The balance of strontium isotopes contained in rocks and soils varies according to geology (or rock types) (Figure 1). Plants that grow on a specific geological substrate will take up the same strontium isotope ‘signature’, as will animals that eat the plants, or humans that eat either the plants or the animals or both. In a similar way, oxygen isotopes in drinking water (which is ultimately sourced from rainwater), vary with location, mostly to do with climate (Figure 2). Humans therefore carry the isotopic signatures of the places where they source their food and drink in their body tissues.

Unlike bone, which continually renews itself during life, teeth do not remodel once they are formed. They therefore retain the isotopic signatures of the food and drink consumed in early in life. By comparing the isotope signatures in the tooth of an individual with those expected for the location they were buried (and assuming that people in the past consumed mostly local food and water), archaeologists can assess whether an individual moved since childhood. For example, oxygen and strontium isotope analysis of the medieval Bishops of Whithorn on the South West Scottish coast showed that they had all moved to Whithorn, most likely from inland Scotland.

Lead isotope and concentration analysis is a relatively new method for tracing migration. We know teeth are an accurate recorder of childhood lead exposure, and that, in England, lead levels differ between pre- and post-Roman populations, rural and urban dwellers, and modern environments with different levels of industrial pollution. Lead concentration analysis is ideally suited to discriminate adolescents migrating from rural areas to medieval towns such as York. Selecting teeth that develop early in life (ie the first molar) allows us to explore the movement of teenagers such as William Westoby.

How can stable isotope analysis help identify migrants to medieval cities like William Westoby? Image 1

How can stable isotope analysis help identify migrants to medieval cities like William Westoby? Image 2

Figure 1: Geological map of England with strontium isotope values
Figure 2: Oxygen isotope values for modern European drinking water
© NERC Isotope Geoscience Laboratory.

In later medieval England, we have growing evidence that young people moved from rural to urban areas, and from north to south seeking work.

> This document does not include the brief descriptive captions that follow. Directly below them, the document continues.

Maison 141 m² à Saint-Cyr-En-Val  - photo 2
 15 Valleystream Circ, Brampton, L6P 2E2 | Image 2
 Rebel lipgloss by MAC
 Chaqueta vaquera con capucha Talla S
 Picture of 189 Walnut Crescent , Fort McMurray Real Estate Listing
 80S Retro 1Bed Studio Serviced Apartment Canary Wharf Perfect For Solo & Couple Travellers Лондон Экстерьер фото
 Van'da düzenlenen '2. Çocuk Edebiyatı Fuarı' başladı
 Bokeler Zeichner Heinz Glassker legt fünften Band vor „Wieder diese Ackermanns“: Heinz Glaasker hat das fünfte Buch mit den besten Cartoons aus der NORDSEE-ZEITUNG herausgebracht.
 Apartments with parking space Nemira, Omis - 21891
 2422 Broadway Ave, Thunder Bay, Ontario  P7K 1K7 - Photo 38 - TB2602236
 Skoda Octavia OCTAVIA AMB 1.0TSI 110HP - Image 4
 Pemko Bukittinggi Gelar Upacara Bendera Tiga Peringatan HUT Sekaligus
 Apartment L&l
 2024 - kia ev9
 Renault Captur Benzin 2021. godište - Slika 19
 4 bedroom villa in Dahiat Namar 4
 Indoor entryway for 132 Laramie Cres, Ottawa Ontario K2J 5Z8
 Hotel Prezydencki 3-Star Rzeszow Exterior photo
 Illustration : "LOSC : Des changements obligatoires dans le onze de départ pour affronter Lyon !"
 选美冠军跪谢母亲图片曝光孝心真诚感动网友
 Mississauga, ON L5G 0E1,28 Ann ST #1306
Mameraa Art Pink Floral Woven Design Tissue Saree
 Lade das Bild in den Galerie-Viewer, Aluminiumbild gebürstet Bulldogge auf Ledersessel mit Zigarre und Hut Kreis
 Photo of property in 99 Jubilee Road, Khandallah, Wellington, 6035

London attracted immigrants from across Britain (eg Devon, Cornwall, York, Wales and Scotland), Europe and the world, and by the mid-sixteenth century, around 90% of London’s apprentices were migrants. But migration was also local, for example, after the Black Death (AD 1348), York attracted 42% of migrants from a 20-mile radius. Using stable isotope analysis and lead concentrations, we have been successful in tracing the movement of people from near and far in the past.

Exciting as this new area of research is, there are some limitations. Isotopes only very rarely tell us ‘where somebody is from’; rather, they serve to exclude ‘where somebody is definitely not from’ (ie the place they were buried) and allow us to characterise their place of origin in rather broad terms. There are many areas of the world that share the same isotopic signature. For example, because of the Gulf Stream, Britain has a relatively mild climate and rainwater in Western England has the same oxygen isotope composition as many areas in Southern Europe and the Mediterranean, where similar geologies can also be found. Consequently, and while we know that many individuals travelled to medieval England from other parts of Europe, these individuals’ movements may be invisible to us. Similarly, environmental lead concentrations can tell us if an individual moved from the North to the South of England, but it is harder for us to identify individuals who moved from one Northern town to another, or from eastern England to London as they share similar lead signatures.